▸ Available data
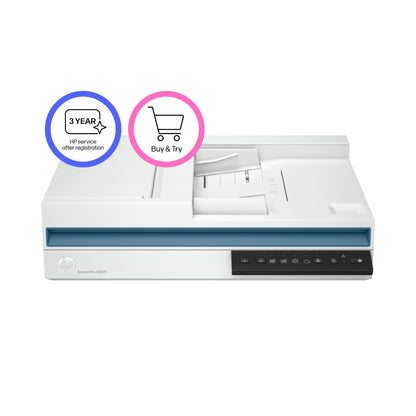 HP ScanJet Pro 2600 f1 Flatbed scanner 1200 x 1200 DPI A4 White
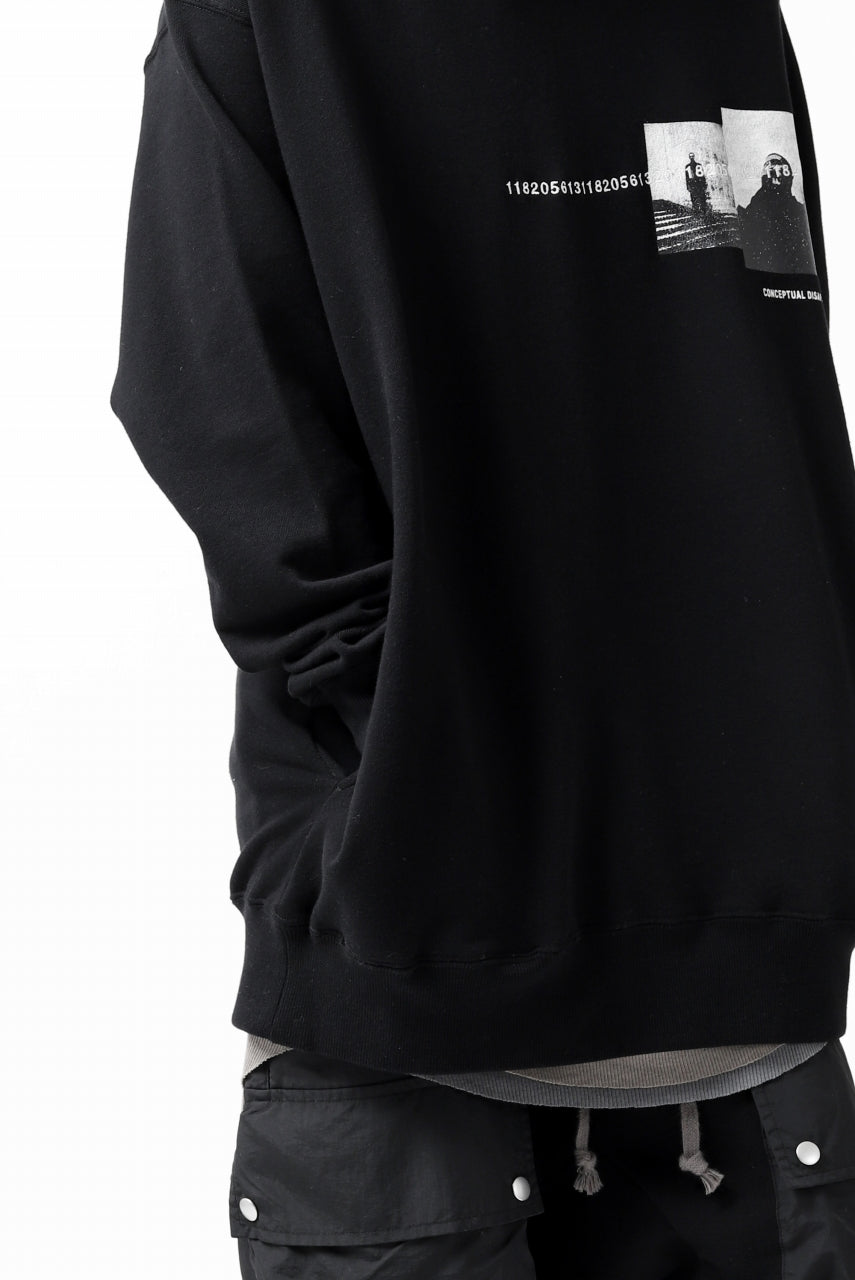 A.F ARTEFACT "CHEST" SWEATER HOODIE (BLACK)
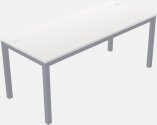 Rectangular Desk - Metal Frame
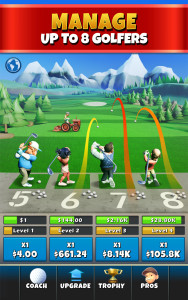 اسکرین شات 1 بازی Idle Golf Tycoon Driver Clash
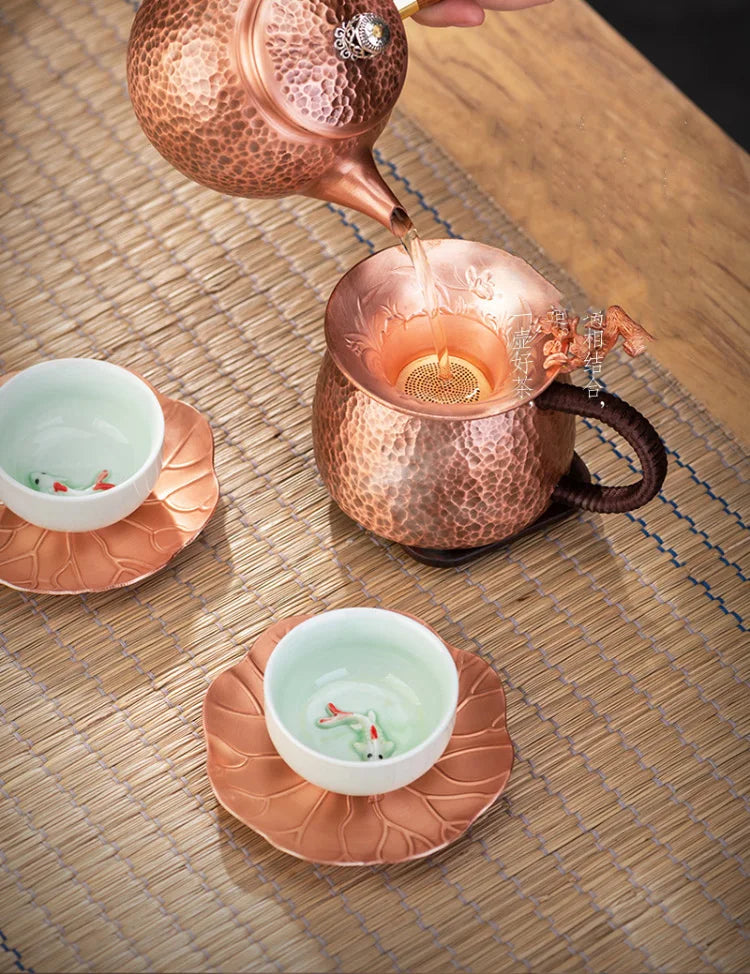 Handmade Red Copper Teapot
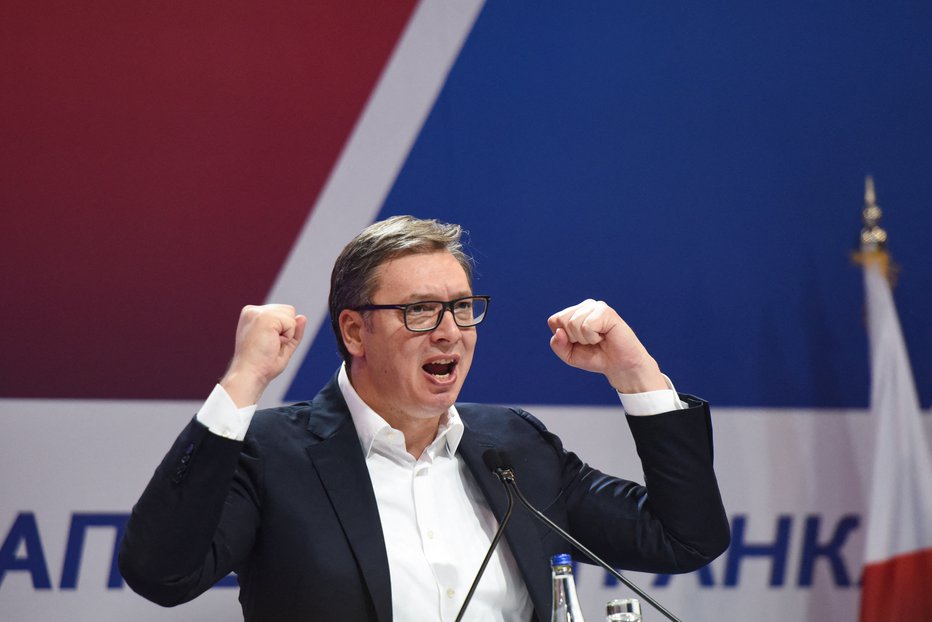 Fotografija: Aleksandar Vučić. FOTO: Zorana Jevtic, Reuters
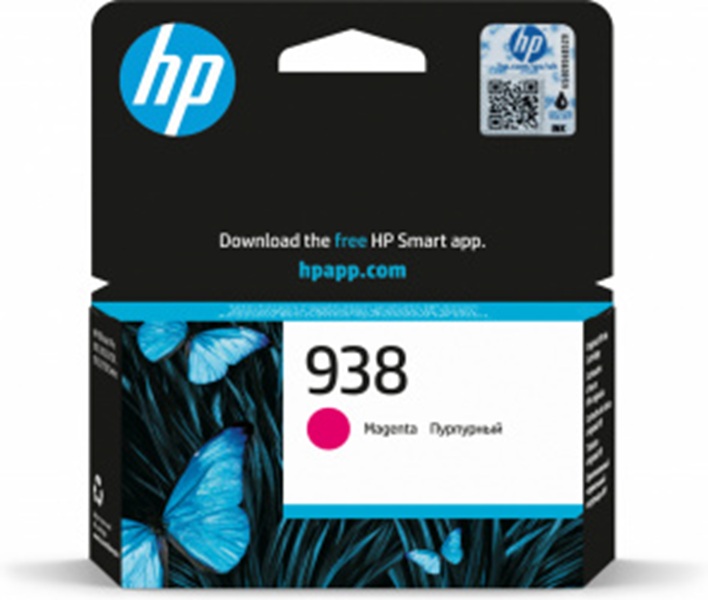 Cartucho de Tinta Magenta Original HP 938 (4S6X6PL)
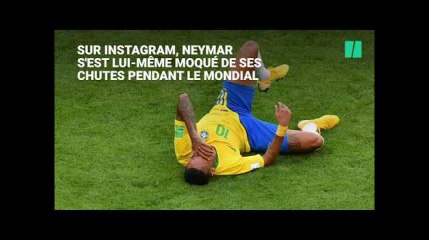 Neymar se moque de ses chutes pendant la Coupe du monde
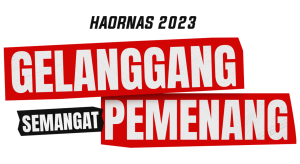 Logo dan Tema Hari Olahraga Nasional (Haornas) ke-40: Gelanggang Semangat Pemenang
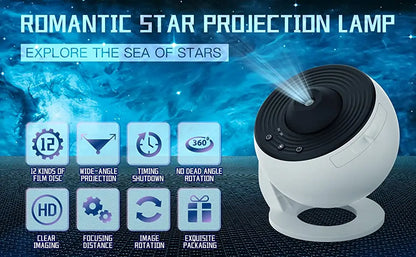 13 in 1 Star Aurora Projector Light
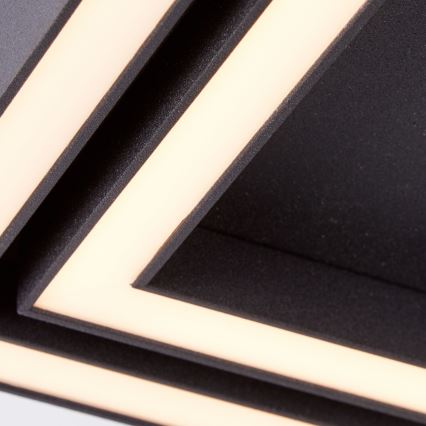 Brilliant - LED Stropní svítidlo QUON LED/24W/230V 3000K 40x40 cm černá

▸ Instructions for the task
In the copy, leave out all pictures, and retype exactly each line from the one with "SWEATER HOODIE (BLACK)" through the last line of the entries.

▸ Reply to the exercise
 A.F ARTEFACT "CHEST" SWEATER HOODIE (BLACK)
 Rectangular Desk - Metal Frame
 اسکرین شات 1 بازی Idle Golf Tycoon Driver Clash
 Handmade Red Copper Teapot
 Fotografija: Aleksandar Vučić. FOTO: Zorana Jevtic, Reuters
 Cartucho de Tinta Magenta Original HP 938 (4S6X6PL)
 Neymar se moque de ses chutes pendant la Coupe du monde
 Logo dan Tema Hari Olahraga Nasional (Haornas) ke-40: Gelanggang Semangat Pemenang
 13 in 1 Star Aurora Projector Light
 Brilliant - LED Stropní svítidlo QUON LED/24W/230V 3000K 40x40 cm černá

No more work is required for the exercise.